Here's the etch fret that'll go out to the fab tomorrow (just finalizing the alignment jigs at the top left):


----------



## JGG1701 (Nov 9, 2004)

Very nice Mr. Paublo.:thumbsup:
Be nice if you can put one of these little guys in a wheelchair.
-Jim


----------



## Paulbo (Sep 16, 2004)

JGG1701 said:


> Very nice Mr. Paublo.:thumbsup:
> Be nice if you can put one of these little guys in a wheelchair.
> -Jim


Oh crud! Why didn't I think of that! OK, an hour or so delay while I work up an old, crotchety, rich guy in a wheel chair for the etch set. Great idea!!!


----------



## jheilman (Aug 30, 2001)

Don't know if you can do it, but it's a great idea.


----------



## Lou Dalmaso (Jul 13, 2004)

can the wheelchair be folded together? give it a little more dimension that way.

excellent work , as usual!


----------



## John P (Sep 1, 1999)

There's talk over at SSM that the 1/350 scale figure can't be right. The fuselage length is shown in the film (in the blackboard diagram) at 400 feet (not counting the needle or fins). That would come to 13.71 inches at 1/350.

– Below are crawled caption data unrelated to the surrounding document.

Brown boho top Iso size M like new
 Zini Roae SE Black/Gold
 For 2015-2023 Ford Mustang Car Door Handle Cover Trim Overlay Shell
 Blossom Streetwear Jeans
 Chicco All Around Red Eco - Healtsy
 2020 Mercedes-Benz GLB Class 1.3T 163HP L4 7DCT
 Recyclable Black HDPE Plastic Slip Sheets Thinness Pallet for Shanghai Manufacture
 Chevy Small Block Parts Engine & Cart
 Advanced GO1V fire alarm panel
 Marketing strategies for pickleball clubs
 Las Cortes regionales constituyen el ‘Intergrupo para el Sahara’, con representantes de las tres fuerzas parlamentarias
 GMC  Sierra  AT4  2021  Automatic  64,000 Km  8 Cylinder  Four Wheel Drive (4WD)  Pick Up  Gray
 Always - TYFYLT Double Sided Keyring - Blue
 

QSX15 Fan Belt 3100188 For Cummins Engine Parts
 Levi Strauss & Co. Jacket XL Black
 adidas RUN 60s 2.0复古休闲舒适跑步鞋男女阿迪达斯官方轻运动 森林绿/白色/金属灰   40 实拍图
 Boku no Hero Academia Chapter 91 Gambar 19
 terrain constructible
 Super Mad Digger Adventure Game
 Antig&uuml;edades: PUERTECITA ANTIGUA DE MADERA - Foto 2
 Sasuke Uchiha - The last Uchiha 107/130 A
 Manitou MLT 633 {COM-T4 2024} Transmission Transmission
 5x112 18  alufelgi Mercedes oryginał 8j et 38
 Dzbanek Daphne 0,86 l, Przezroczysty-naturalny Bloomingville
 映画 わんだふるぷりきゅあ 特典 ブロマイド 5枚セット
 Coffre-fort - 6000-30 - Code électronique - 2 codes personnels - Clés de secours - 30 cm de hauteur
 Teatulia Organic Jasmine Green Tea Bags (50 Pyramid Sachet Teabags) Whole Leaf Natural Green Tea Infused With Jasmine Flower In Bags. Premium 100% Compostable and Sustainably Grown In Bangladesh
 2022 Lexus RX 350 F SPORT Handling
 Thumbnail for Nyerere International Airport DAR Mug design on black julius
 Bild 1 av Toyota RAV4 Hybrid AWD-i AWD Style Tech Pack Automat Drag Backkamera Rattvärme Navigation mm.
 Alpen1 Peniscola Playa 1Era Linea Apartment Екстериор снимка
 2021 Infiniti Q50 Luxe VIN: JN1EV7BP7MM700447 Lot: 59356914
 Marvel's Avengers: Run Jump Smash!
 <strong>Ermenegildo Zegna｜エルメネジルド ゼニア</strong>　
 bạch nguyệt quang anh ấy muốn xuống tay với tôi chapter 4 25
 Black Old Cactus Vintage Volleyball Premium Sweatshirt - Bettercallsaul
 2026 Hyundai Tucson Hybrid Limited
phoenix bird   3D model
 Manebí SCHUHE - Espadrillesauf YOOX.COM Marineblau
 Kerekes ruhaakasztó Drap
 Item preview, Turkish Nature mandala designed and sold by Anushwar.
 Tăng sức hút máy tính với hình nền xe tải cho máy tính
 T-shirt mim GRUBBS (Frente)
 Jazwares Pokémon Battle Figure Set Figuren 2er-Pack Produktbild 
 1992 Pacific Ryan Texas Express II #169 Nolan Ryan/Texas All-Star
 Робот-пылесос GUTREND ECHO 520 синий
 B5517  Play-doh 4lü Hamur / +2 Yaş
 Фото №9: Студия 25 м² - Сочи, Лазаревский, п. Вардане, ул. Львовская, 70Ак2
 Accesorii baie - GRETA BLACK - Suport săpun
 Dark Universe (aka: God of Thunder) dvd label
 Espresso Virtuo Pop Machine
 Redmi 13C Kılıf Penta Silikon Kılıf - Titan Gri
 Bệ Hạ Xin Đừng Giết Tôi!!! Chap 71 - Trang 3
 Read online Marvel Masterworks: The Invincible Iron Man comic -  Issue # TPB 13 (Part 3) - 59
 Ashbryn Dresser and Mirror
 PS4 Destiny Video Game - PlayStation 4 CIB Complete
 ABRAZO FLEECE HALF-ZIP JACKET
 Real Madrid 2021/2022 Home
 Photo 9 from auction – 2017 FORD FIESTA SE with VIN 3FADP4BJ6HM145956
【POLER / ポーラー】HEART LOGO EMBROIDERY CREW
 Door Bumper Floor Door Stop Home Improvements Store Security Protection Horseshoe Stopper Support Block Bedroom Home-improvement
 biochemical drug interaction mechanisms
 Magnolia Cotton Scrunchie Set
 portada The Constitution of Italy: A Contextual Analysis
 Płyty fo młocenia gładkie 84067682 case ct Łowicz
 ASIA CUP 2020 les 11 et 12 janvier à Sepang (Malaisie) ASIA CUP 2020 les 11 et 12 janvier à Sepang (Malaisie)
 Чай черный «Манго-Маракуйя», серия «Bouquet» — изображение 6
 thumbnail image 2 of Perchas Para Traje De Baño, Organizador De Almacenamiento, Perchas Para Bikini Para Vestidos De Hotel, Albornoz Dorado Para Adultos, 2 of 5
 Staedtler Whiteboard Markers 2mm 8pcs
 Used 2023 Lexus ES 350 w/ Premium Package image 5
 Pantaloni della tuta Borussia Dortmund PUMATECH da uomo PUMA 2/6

The kit fuselage is 10 7/8", which comes in at 1/441.3


----------



## Trek Ace (Jul 8, 2001)

That's exactly the scale figure I came up with, too, when I received the kit: 1/441.3.

I totally love the kit, but there is no way that it is 1/350 scale.

I'll definitely be getting that photoetch set. That's great work.


----------



## Frank2056 (Mar 23, 2007)

At 1/350 scale, a 445 foot long ship would be 15.26" long. I measured my built (and almost finished) Ark, and from the tip (without the spike) to the end of the sled pods and I get 11.26" (should be 14.64") The Rogers drawing in the "Spaceship Handbook" lists this distance as 427 feet. So I get a scale of around 1/455.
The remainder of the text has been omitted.